If you bring your own computer:

  • Chain hotels usually provide in-room Internet connections, sometimes wireless, either included with the price of the room or at an additional charge. Local establishments like bed-and-breakfasts and roadside motels are less likely to have Internet access.
  • Many coffee shops and bookstores provide free wireless Internet access, though you may need to make a purchase first. Starbucks, the country's largest coffee chain, now offers free public WiFi at all company-owned stores.
  • Public libraries frequently offer free WiFi.
  • Some cities have free WiFi access that spans a central business district (several square miles) or even citywide.
  • Most colleges and universities offer free WiFi in their libraries and student centers (sometimes called "student union"). Public access to these buildings varies from school to school. Some institutions severely restrict library access—for example, very few library buildings at Harvard University are open to the general public. Public (state-supported) schools generally open their library buildings to the general public. If you happen to be near a college or university with more than one library, note that the school's main library is generally open for longer hours than a subject-specific library or the student center. In any case, it doesn't hurt to check with the school's library regarding public access to buildings and WiFi.
  • Airports, even smaller regional ones, usually provide WiFi within passenger terminals, usually for a nominal charge.
  • If driving, in a pinch you can always park in a chain hotel parking lot, on a crowded suburban/urban residential street, or by a commercial strip by coffeeshops or libraries, and grab WiFi access from your car. Unlike Europe, most WiFi signals are not password protected and can be easily accessed. Some local municipalities are outlawing this practice, but enforcement is nearly non-existent.
  • You can also purchase a mobile broadband modem which can be attached to your laptop via a USB drive and subscribe to a prepaid plan. Service providers include Verizon Wireless and Virgin Mobile (Sprint).
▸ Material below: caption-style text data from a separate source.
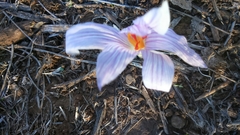 Crocus pallasii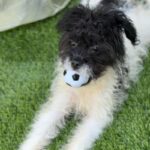 Jesse is a Terrier/Mix.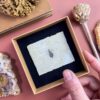 08 (1 larvae)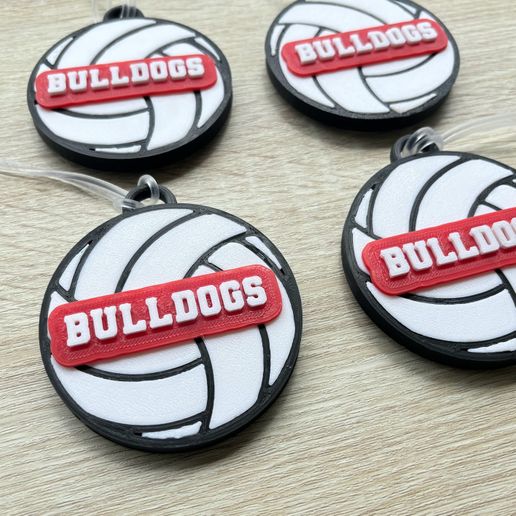 IMG_7355.jpg Volleyball Bag Tag,⚠️(CUTOMIZABLE WITH LINK IN THE DESCRIPTION)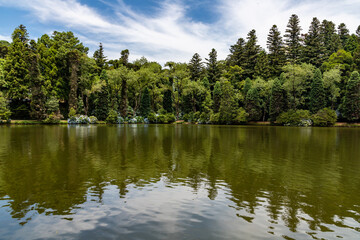 Lago Negro lake trees and flowers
If you don't have your own computer:

  • Internet cafes can still be found in some larger cities (e.g. New York and Los Angeles)
  • Some locations such as airports and shopping malls have pay-per-use internet access terminals, where 3-5 minutes of web time can be purchased for $1, although these are becoming increasingly rare and typically use older, slower dial-up technology rather than offer broadband speeds.
  • Nearly all public libraries have PC terminals with broadband internet access (and usually productivity software such as Microsoft Word) available for free, public use (this is the reason why the U.S. lacks internet cafes!). You may need a library card to access services, although staff will frequently make exceptions for visitors.
  • The best bet for computer rental is a "photocopy shop" such as FedEx Kinko's, now in the process of rebranding as FedEx Office (+1 800 2KINKOS/ 1 800 254 6567), which is a national chain.
  • Some higher-end hotels have "business centers" where you can use a computer connected to the internet, fax a message, use a printer and make copies.
  • Another, albeit less likely, possibility is a university library. Private universities in larger cities tend to restrict entry to the library building itself to enrolled students and faculty. Public university libraries are generally required by law to be open to the public (at least as far as books go), but almost invariably a student login is required to access computer terminals. Public university libraries sometimes have one or two computer terminals set up for visitor use, but its always best to call ahead to be certain first.